Corona testified further that the stranger attempted to ride a bicycle to get away from Corona
and Nevarez. Corona and Nevarez approached the stranger while he was on his bicycle but they
could not catch him. The stranger then started to run away on foot and Corona and Nevarez grabbed
him. The stranger told them to leave him alone. Corona observed that he was holding something
under his sweater and, when Corona and Nevarez grabbed him, a car stereo fell to the ground.

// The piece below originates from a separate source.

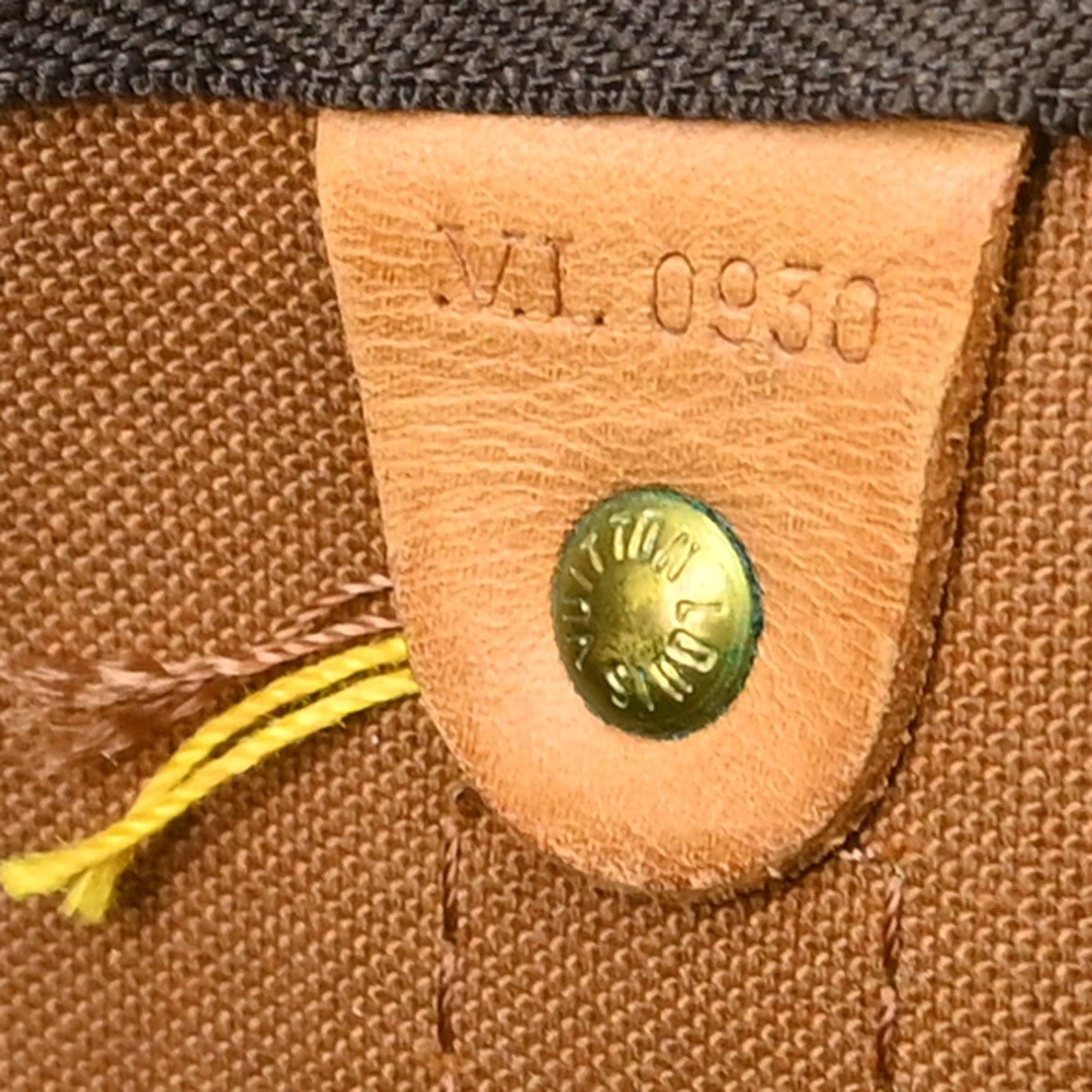 Louis Vuitton Keepall Bandouliere Bag Monogram Canvas Brown Canvas Travel Bag Bag (Authentic Pre-Loved)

Corona recognized the car stereo from his uncle Mario's Pontiac Grand Am. Corona never told the
police that he recognized the car stereo. At trial, he claimed that he had been in the Grand Am many
times and that his uncle had owned the car for five to eight years. Corona stated that the only person
in the area that night other than himself, Nevarez, and the stranger, was a person named Orozco, who
came outside later.
Corona testified that Nevarez called the police and that Corona held the stranger until they
arrived. After taking the stranger into custody, the police interviewed other people in the
neighborhood. Corona stated that he saw them interview his aunt Maria Campos and Jesus Nomar.
Corona claimed that the Grand Am belonged to Maria and his uncle Mario. Corona was unable to
make an in-court identification of defendant as the stranger. Corona further stated that he never saw
any man, or defendant in particular, take anything from any vehicle.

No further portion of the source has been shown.